:: What is needed ::
The answer must be an exact transcription of the lines below from the first through the one containing "фото №8, Панель", with the pictures left out; please add nothing else.

Caption-style text data
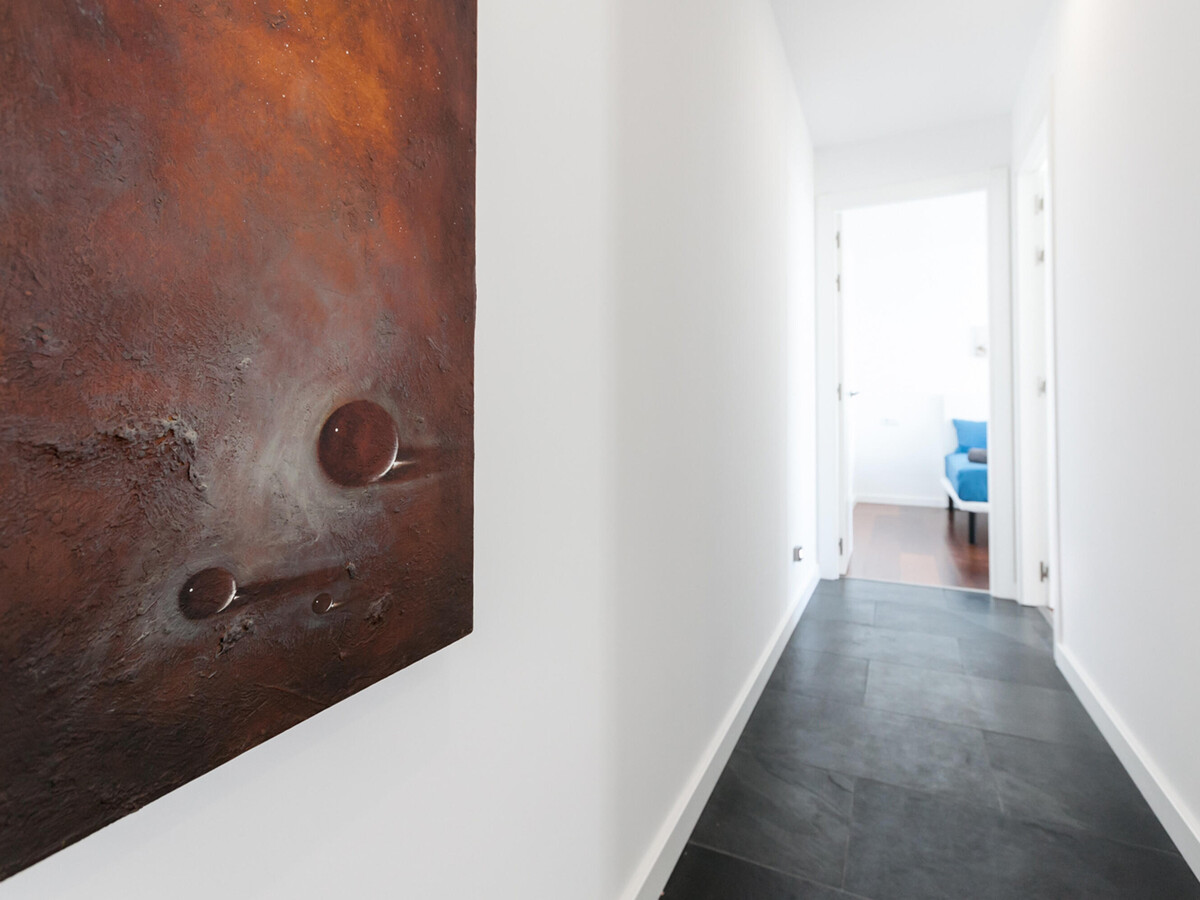 Maison design piscine débordement, vue mer à Roses - Photo 20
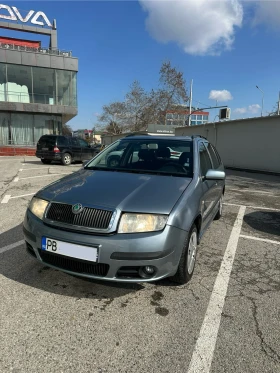 Skoda Fabia, снимка 1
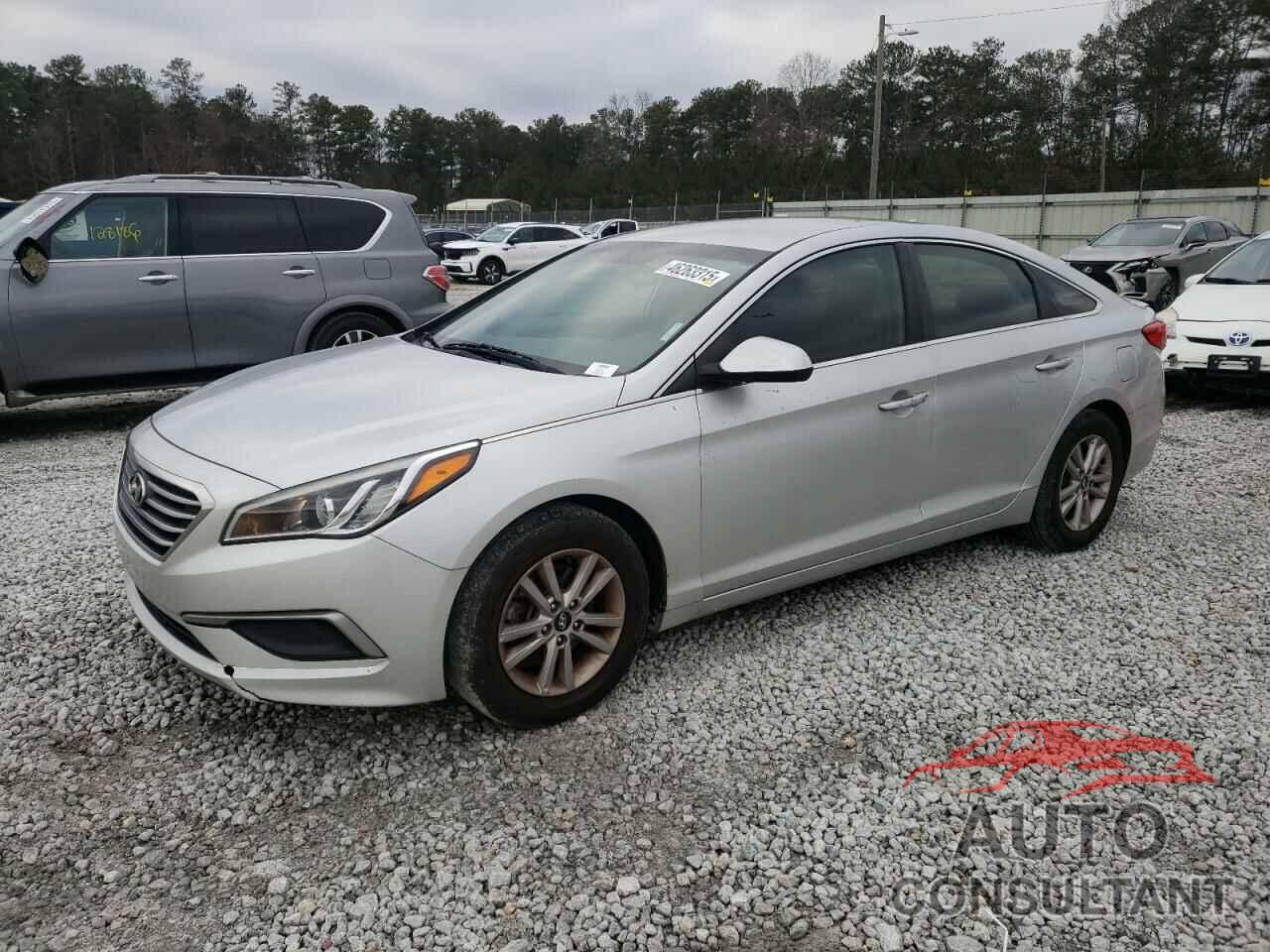 HYUNDAI SONATA 2016 - 5NPE24AF2GH353198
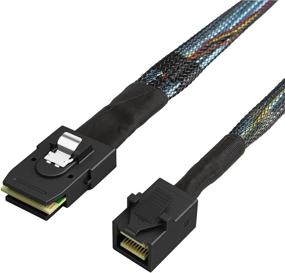 img 4 attached to 🔌 CableCreation SFF-8643 to SFF-8087 Internal Cable
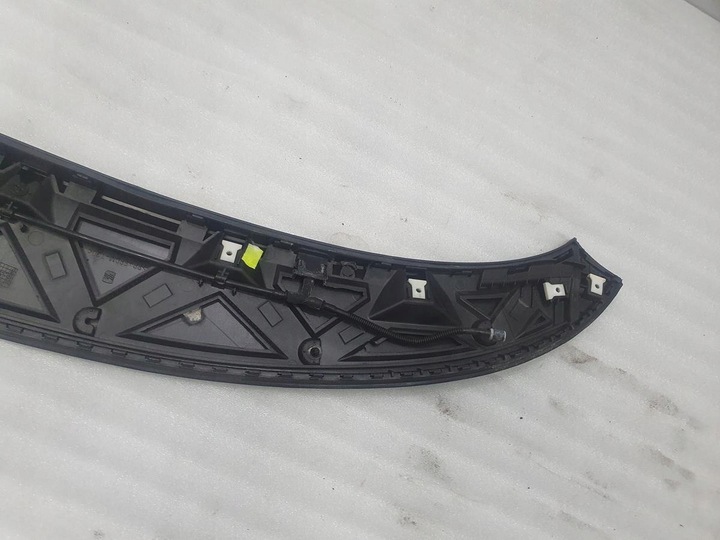 фото №8, Панель под лобовым стеклом пластиковый altea toledo iii 5p0854699g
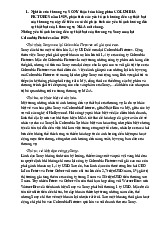 Nghiên cứu Thương vụ M&A: Thất bại của Sony với Columbia  môn Sáp nhập, mua lại và tái cấu trúc doanh nghiệp  | Trường Đại học Kinh tế Thành phố Hồ Chí Minh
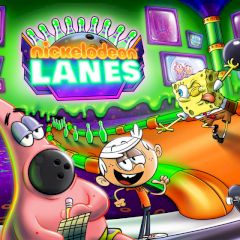 Nickelodeon Lanes
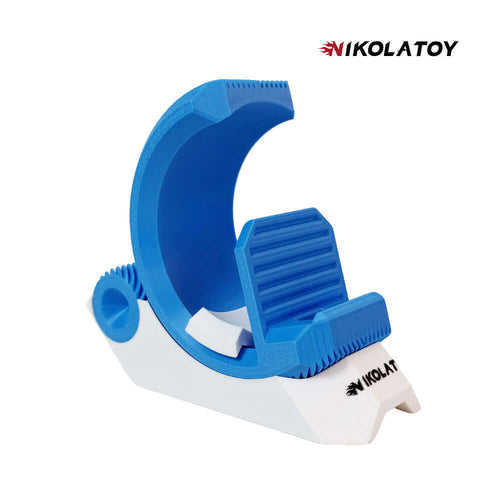 Nikola Toy 3D Printed Mechanical Phone Holder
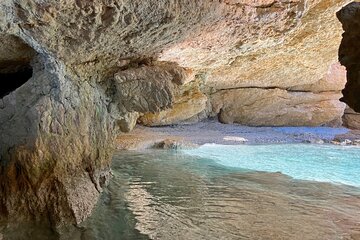 Private Tour Blue Cave & Lady of the Rocks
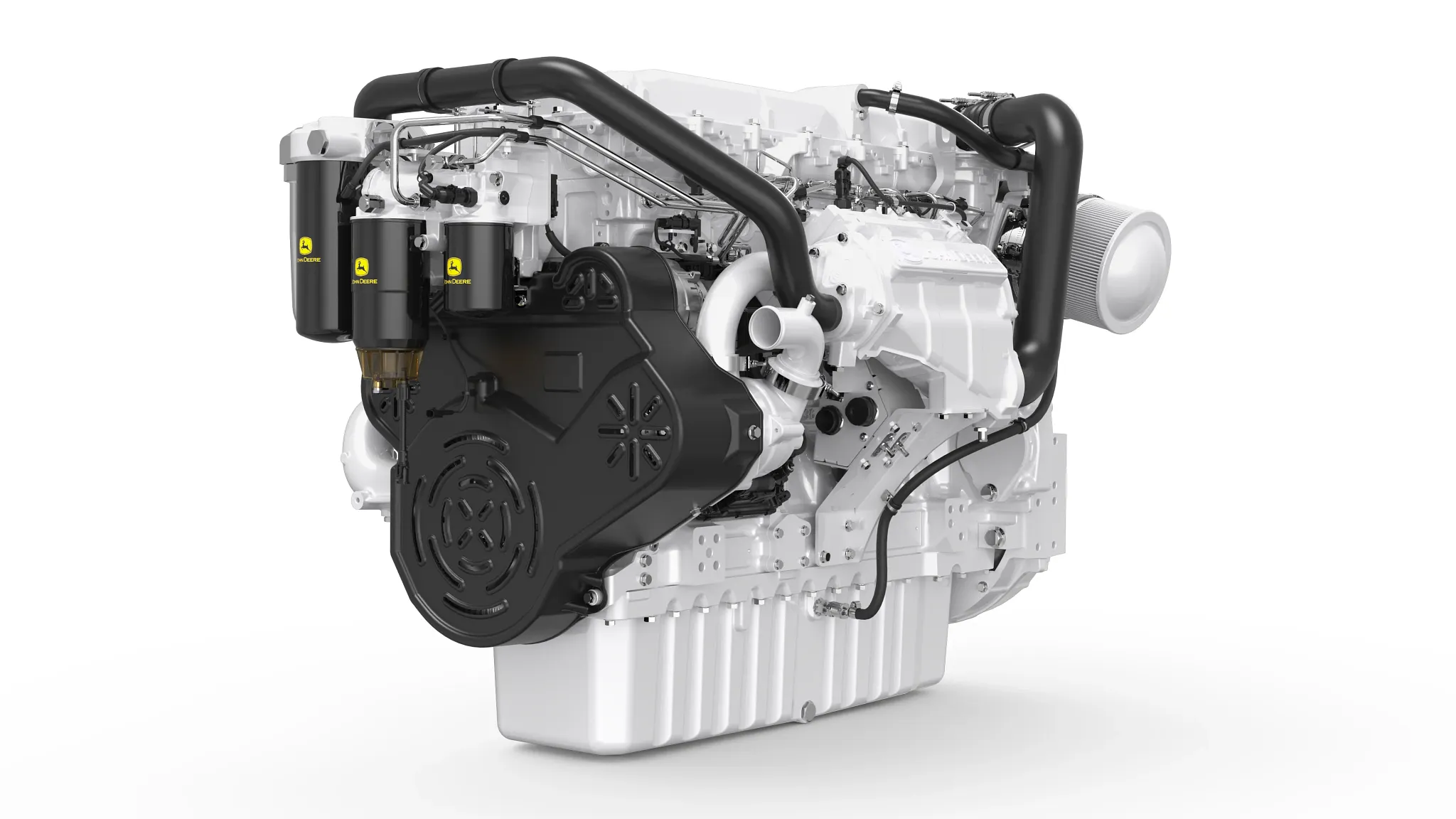 JD14X MLR 13.6L Marine Propulsion Engine | John Deere UK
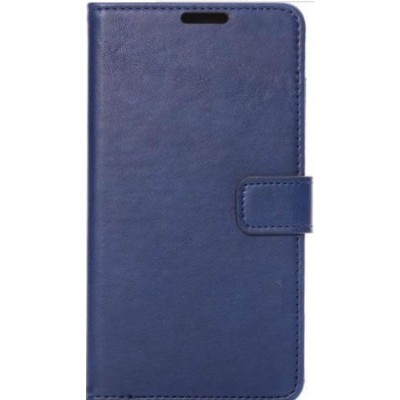 Flip Cover for Cubit 4U Sapphire Plus - Blue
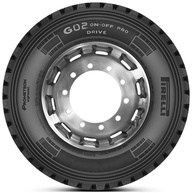 Pneu Pirelli G02 On-Off Pro Drive 295/80R22.5: Performance Imbatível em Qualquer Terreno - imagem 4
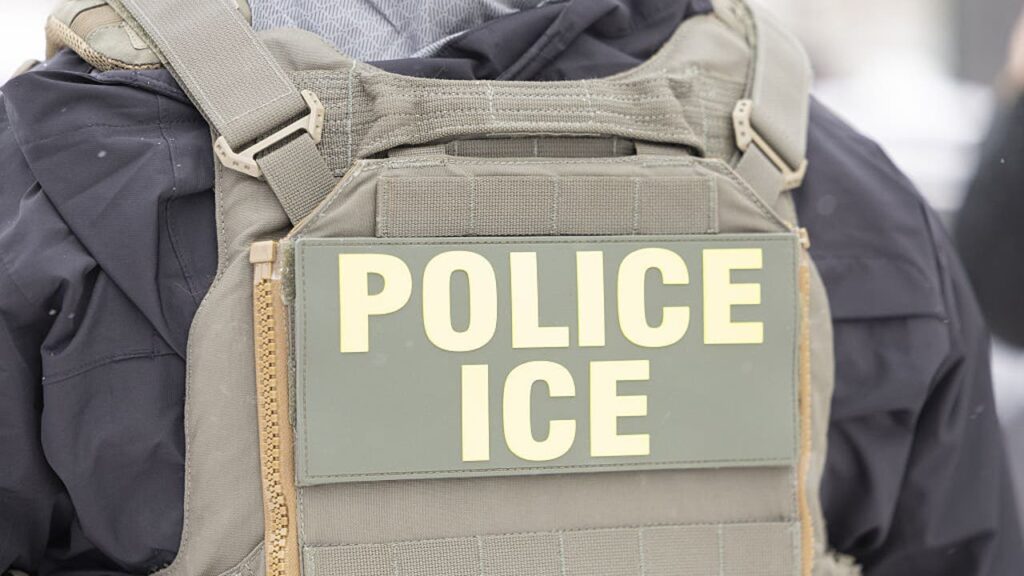 ICE arrests employee of a Brooklyn Park business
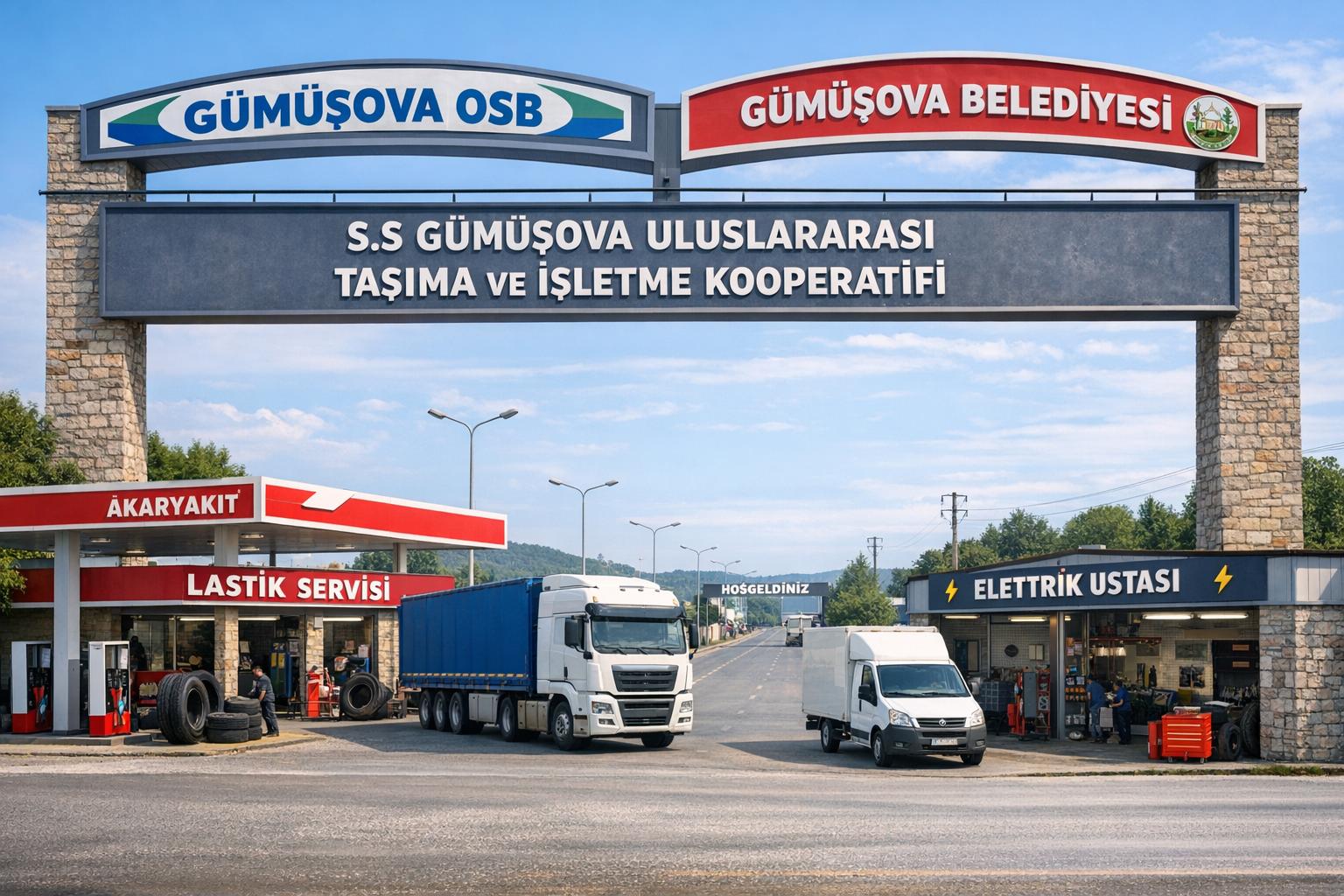 Gümüşova OSB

:: Result of this exercise ::
 Maison design piscine débordement, vue mer à Roses - Photo 20
 Skoda Fabia, снимка 1
 HYUNDAI SONATA 2016 - 5NPE24AF2GH353198
 img 4 attached to 🔌 CableCreation SFF-8643 to SFF-8087 Internal Cable
 фото №8, Панель под лобовым стеклом пластиковый altea toledo iii 5p0854699g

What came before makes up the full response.